On Function Arguments

Referring to Column Names

Where functions take an argument of a column name, we expect string/character values to be passed. In order to make it clear to users, arguments that refer to a column name (and hence should be a string value) will end in _col, _cols, _var or _variable depending on the context. _variable is used to refer to variables with contextual meaning, like y_variable where yy has the implied meaning of being the outcome variable.

There are a few standardized names that we will try to use throughout, so non-standard variants of the following are discouraged:

  • id_col
  • y_variable
  • covariate_cols

Optional Singleton or List Arguments

As of now, there is only one acceptable place where we readily and often use partial argument matching (https://stackoverflow.com/a/14155259/3161979), and that for the formulas argument to nadir::super_learner().

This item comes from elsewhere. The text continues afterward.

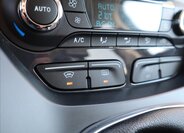 Ford Kuga SUV / Terénní 1,6 l 110 kw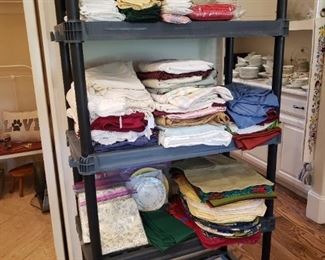 napkins, placemats and tableclothes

The reason partial argument matching is used throughout much of the documentation with the formulas argument to super_learner() is that in the case when only one formula will be used across all the learners, the user may (either by preference or without thinking) only pass formula = <...> to super_learner().

We make a concerted effort to not use partial argument matching in examples or documentation except for with regard to the formulas argument to super_learner(). In part, the usage of a partial argument match formula in super_learner() is acceptable because there is control-flow/logic that detects if a single formula was passed (rather than a named list of formulas).

Protected Arguments

Certain arguments should always follow a standard convention, and are privileged above others.

  • We prefer to use data in all of our function arguments to refer to data.frames.
  • We explicitly recognize weights as an argument in all learners where possible. Moreover, if weights are passed, then explicit code to handle them appropriately given the underlying model’s syntax is included in each learner that comes with nadir so that nadir::super_learner() can pass observation weights to all included candidate learners and rely on them being handled properly.